3. The power control apparatus of claim 1, wherein the standby
power supplier is further configured to generate the constant power
using a switched-mode power supply method.
4. The power control apparatus of claim 1, wherein the standby
power supplier comprises: a switcher configured to switch DC power
of the at least one battery module to AC power; a transformer
configured to transform the AC power; and a rectifier configured to
rectify the AC power to DC power.
5. The power control apparatus of claim 1, wherein the standby
power supplier comprises a step-down conversion circuit configured
to generate the constant power via a voltage step-down of the at
least one battery module.
6. The power control apparatus of claim 1, wherein the standby
power supplier is further configured to sequentially drive the
power converter, the battery manager, and the controller with the
supplied constant power.
7. The power control apparatus of claim 1, further comprising: a
switch configured to drive the standby power supplier in response
to a user input.
8. The power control apparatus of claim 1, wherein the energy
storage system is fixed to a movable unit and configured to supply
energy to the movable unit.
9. The power control apparatus of claim 1, wherein the power
converter comprises at least a converter, inverter, bi-directional
converter, or bi-directional inverter configured to convert the
power of the at least one battery module.

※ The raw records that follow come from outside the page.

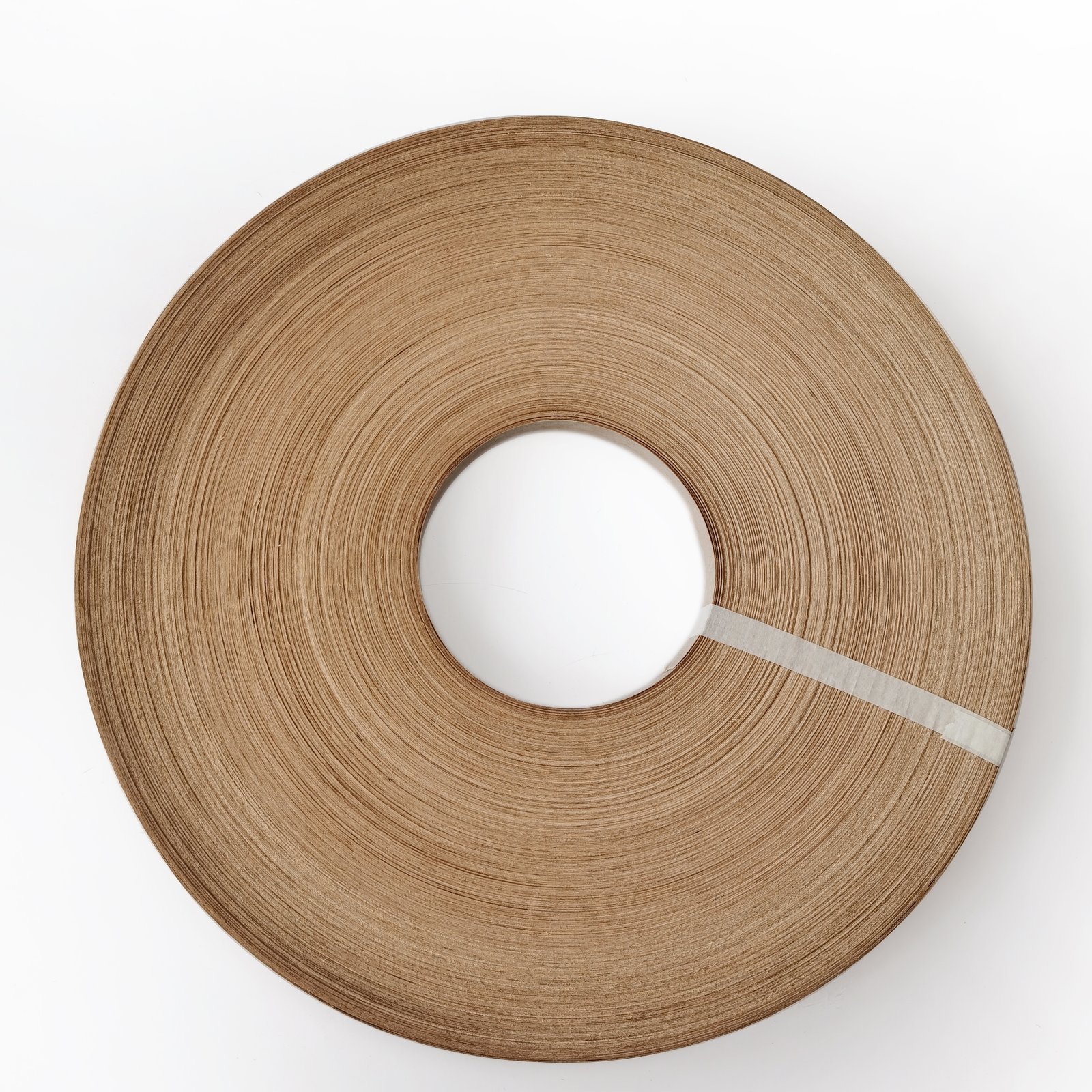 Natural Cherry Veneer Edge Banding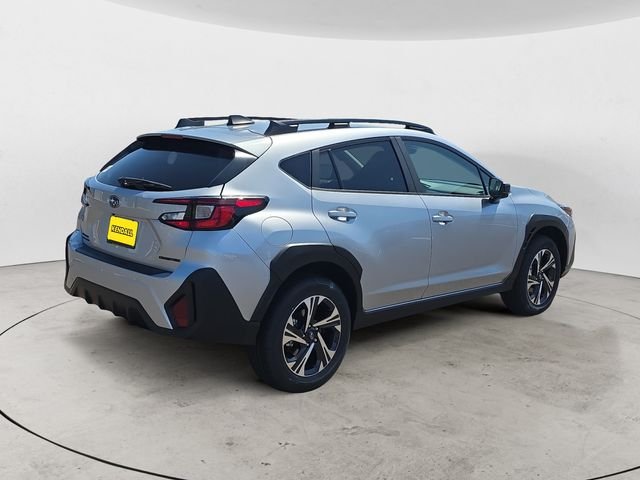 New 2026 ICE SILVER METALLIC Subaru Premium image 5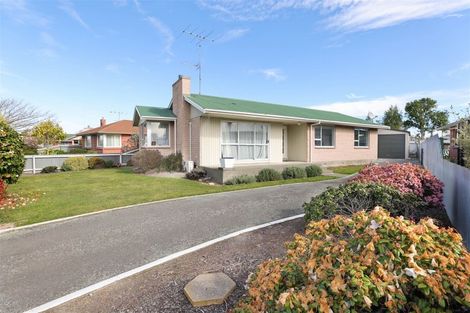 Photo of property in 59 Tucker Street, Allenton, Ashburton, 7700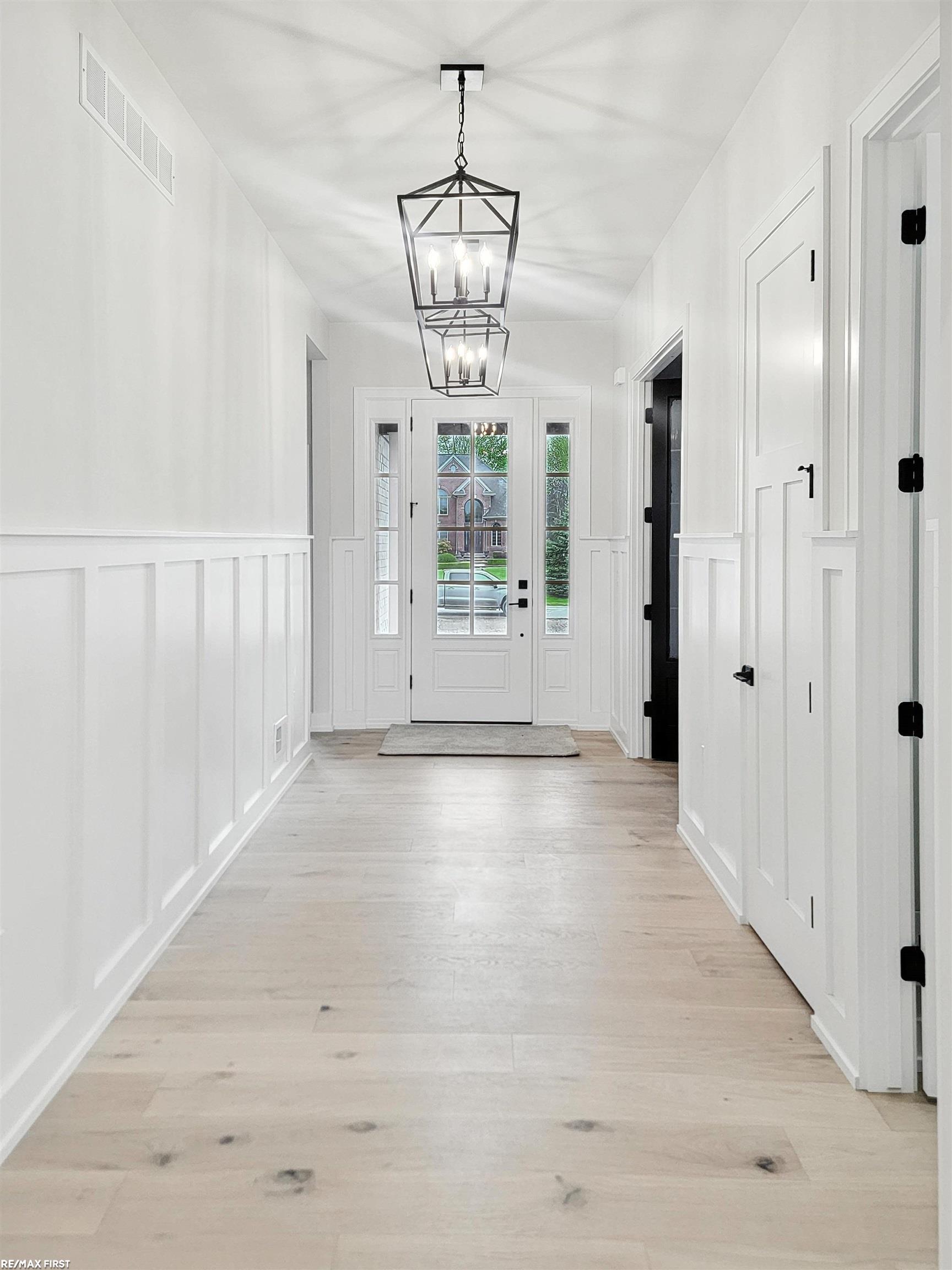 00000 Quail Run Drive Almont Township MI 48003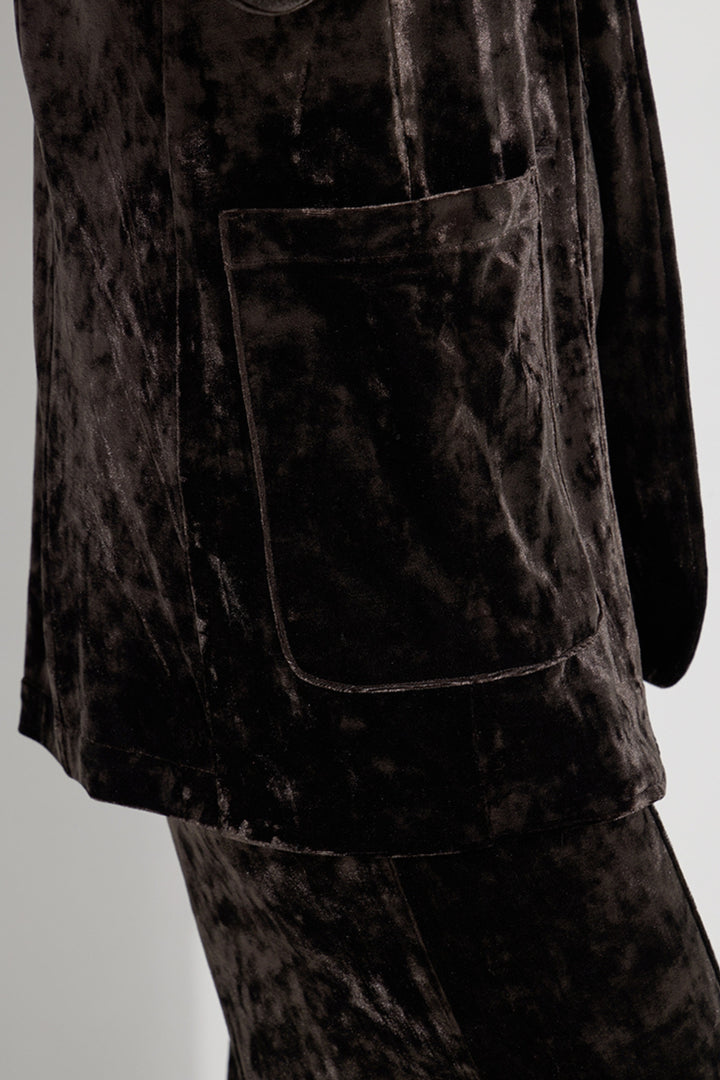 LYSSE | Shay Velvet Blazer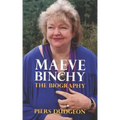 Maeve Binchy: The Biography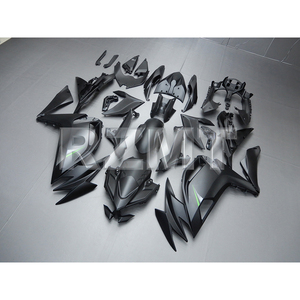 Carenado Personalizado de Inyección ABS para Motocicleta <span class=keywords><strong>Kawasaki</strong></span> <span class=keywords><strong>Ninja</strong></span> <span class=keywords><strong>650</strong></span> 2020-2026 Ninja650 EX650 KRT ER-6F 2025 K0622-101a - Product Image 3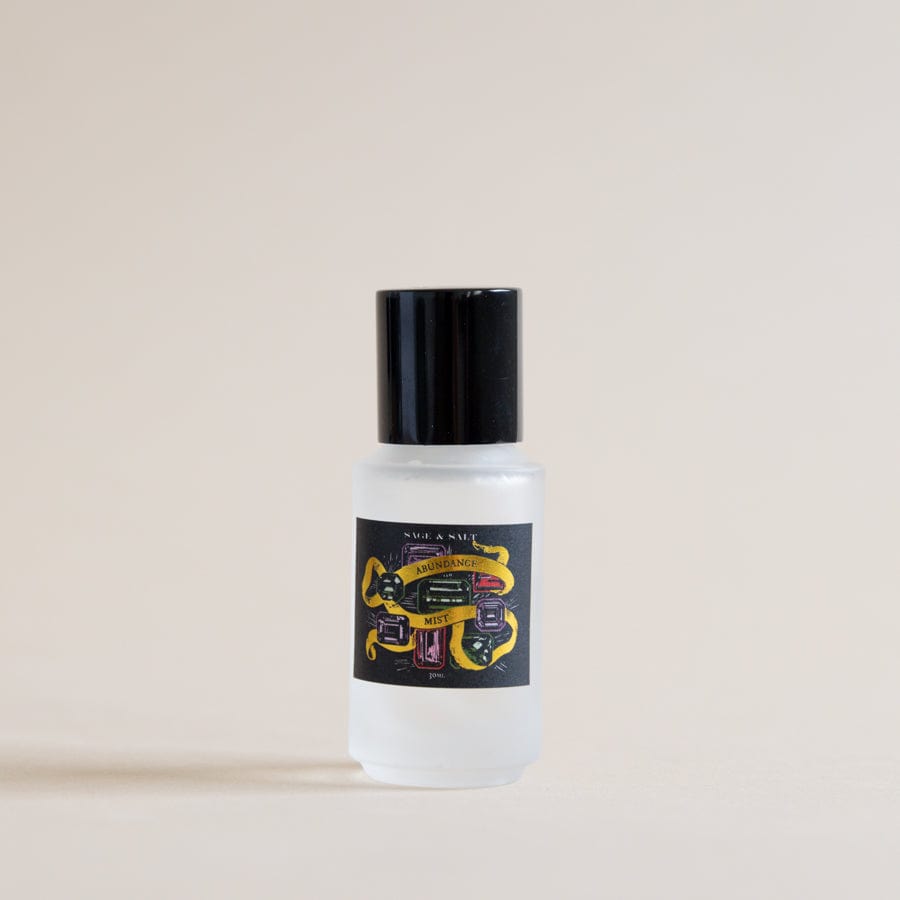 Sage & Salt Fragrance Sage & Salt Room Spray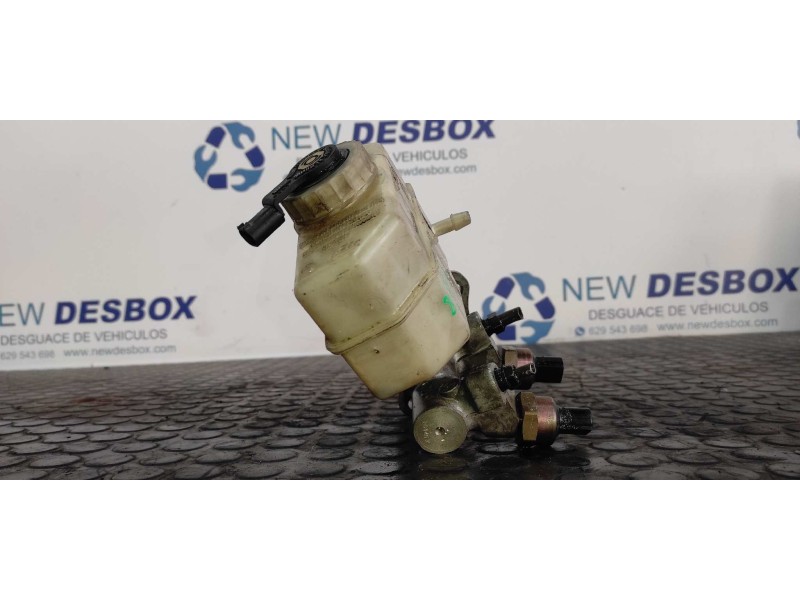 Recambio de bomba freno para bmw serie 3 berlina (e46) 2.0 16v diesel cat referencia OEM IAM 03350884781  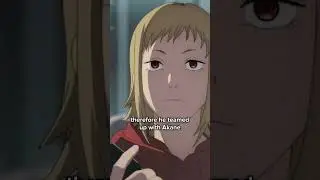 Katana Man Has The WEAKEST Backstory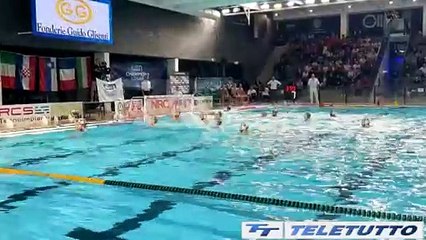 Video News - L'AN va a Trieste per la quarta giornata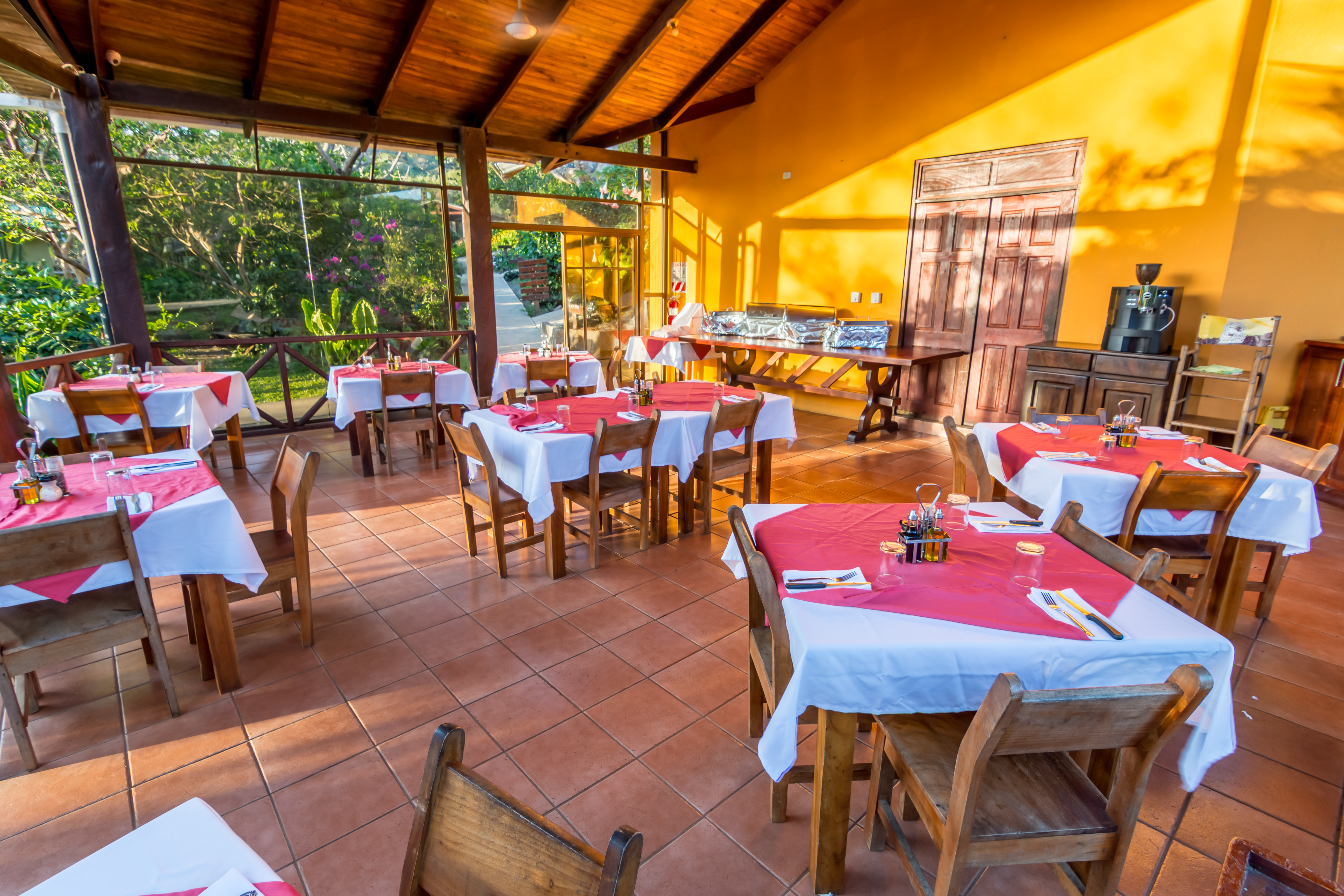 Rinconcito Lodge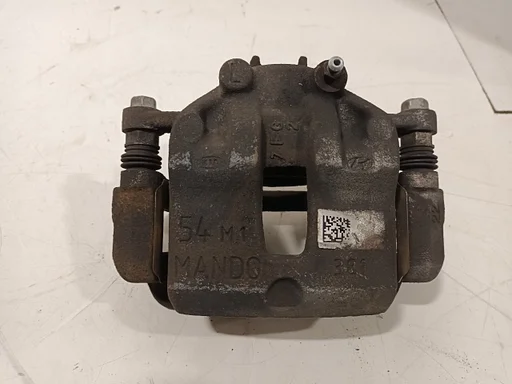 Remklauw links voor Kia Rio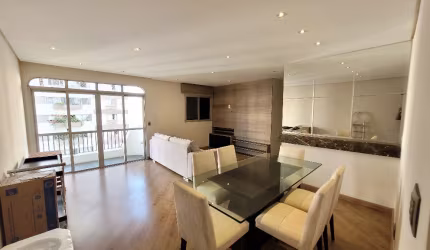 Lindo apartamento para morar no Campo Belo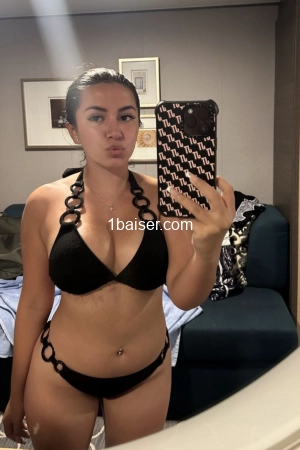 Inès, Escort Saint Nazaire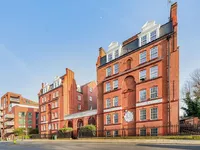 Недвижимость New Church Road: 7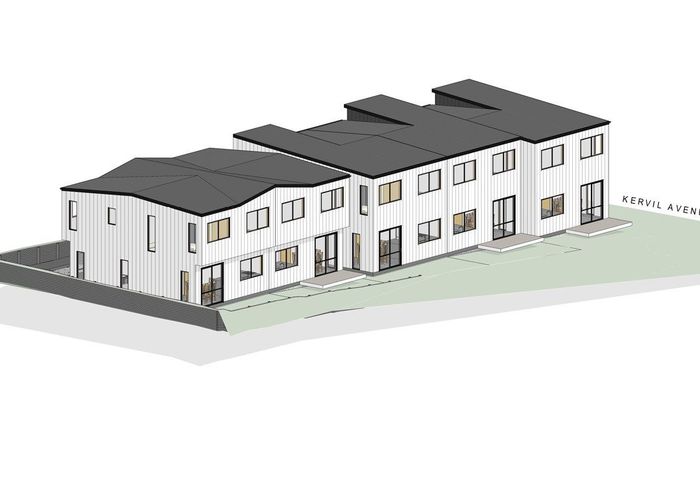  at 65 Kervil Avenue, Te Atatu Peninsula, Waitakere City, Auckland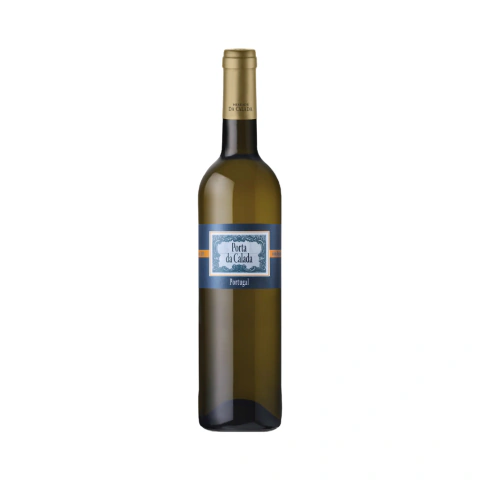 Vinho Branco Porta da Calada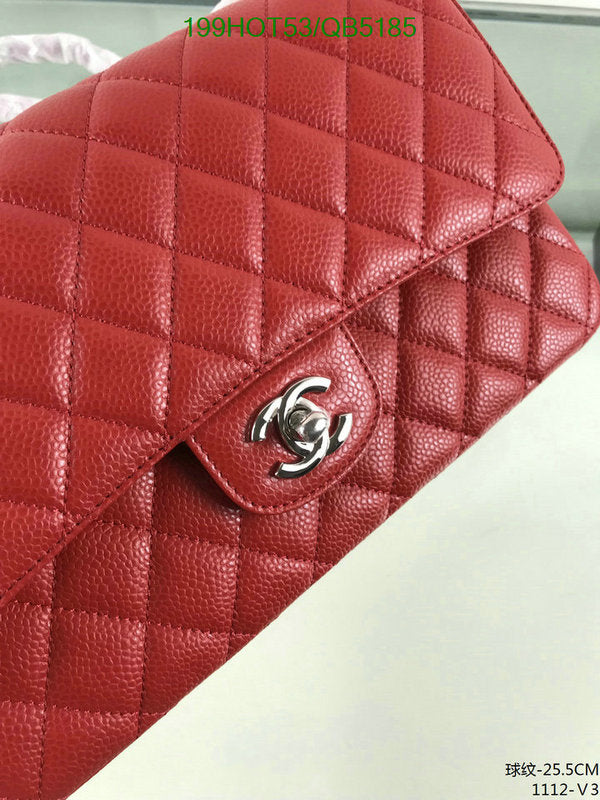 SAMC - CHL Bags - 565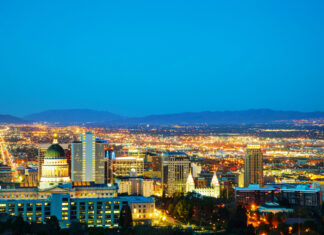 5 cosas que hacer en Salt Lake City cosas que hacer en Salt Lake City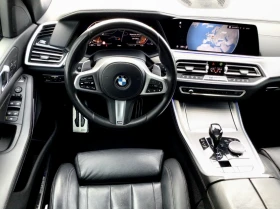 BMW X5M 50d/XD/HEADUP/360CAM/VACUUM/2019 - 92000 лв. - 27963665 | Car24.bg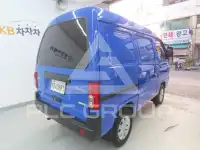 2019 GM Daewoo 다마스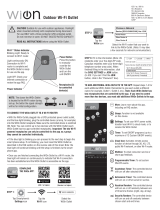 WiOn 50049 User manual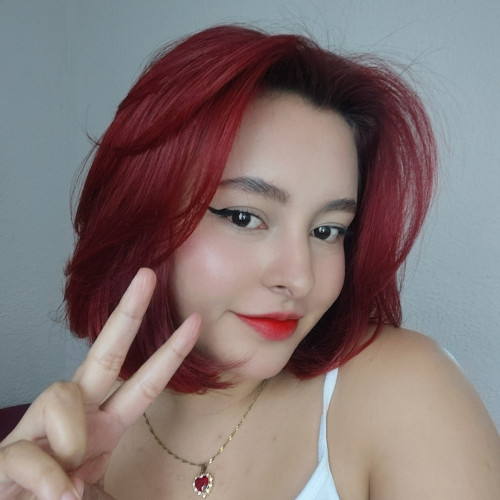 Daniela P. profile photo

10. The power control apparatus of claim 1, wherein the battery
production manager is further configured to perform at least a
protection control function, lifecycle control function or charge
and discharge control function of the at least one battery
module.
11. An operation method of a power control apparatus of an energy
storage system, the method comprising: monitoring a charge state of
at least one battery module and managing charge and discharge of at
the least one battery module by a battery manager; converting power
of the at least one battery module from alternating current (AC) to
direct current (DC) or from DC to AC; and supplying constant power
to the battery manager when the battery manager is not driven.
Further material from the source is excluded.